**Your objective:**
All entries need to be written out verbatim, with pictures omitted.

Short web captions
* * * * *

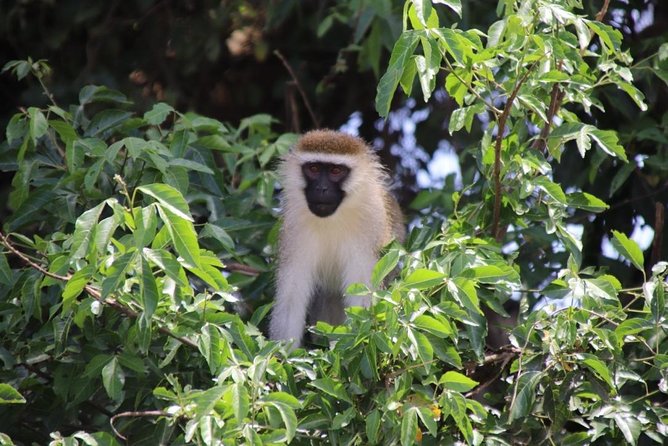 6 Day Gorillas, Golden Monkeys and Chimp Trek at Kibale - Three primate treks in six days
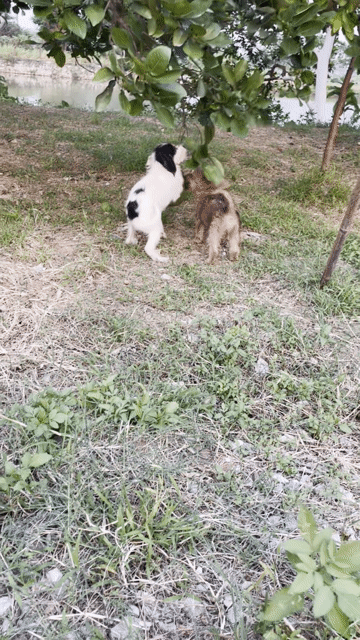 300K 1 BÉ , POODLE LAI. Mua bán Chó tại Huyện Thanh Trì Hà Nội được đăng bởi Vinh Nguyễn  hình 1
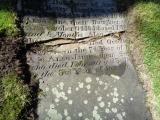 image of grave number 947549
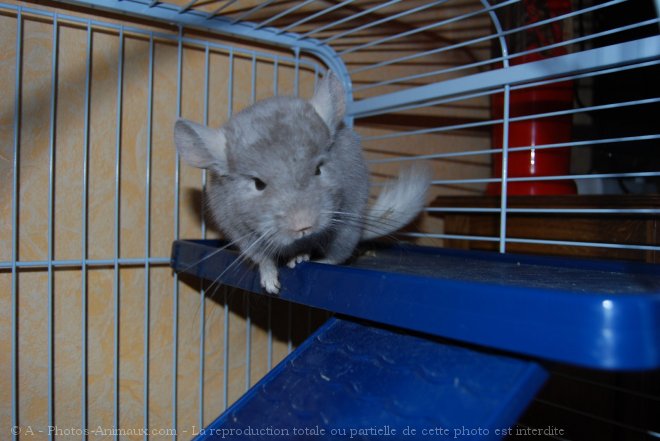 Photo de Chinchilla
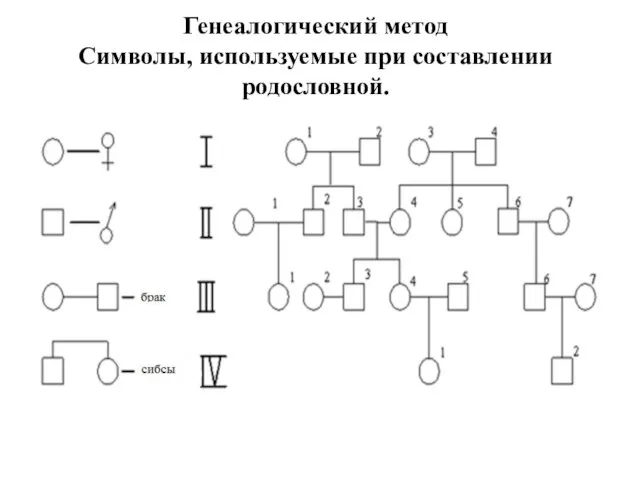 Генеалогический метод Символы, используемые при составлении родословной.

* * * * *

**Problem solution:**
 6 Day Gorillas, Golden Monkeys and Chimp Trek at Kibale - Three primate treks in six days
 300K 1 BÉ , POODLE LAI. Mua bán Chó tại Huyện Thanh Trì Hà Nội được đăng bởi Vinh Nguyễn  hình 1
 image of grave number 947549
 Photo de Chinchilla
 Генеалогический метод Символы, используемые при составлении родословной.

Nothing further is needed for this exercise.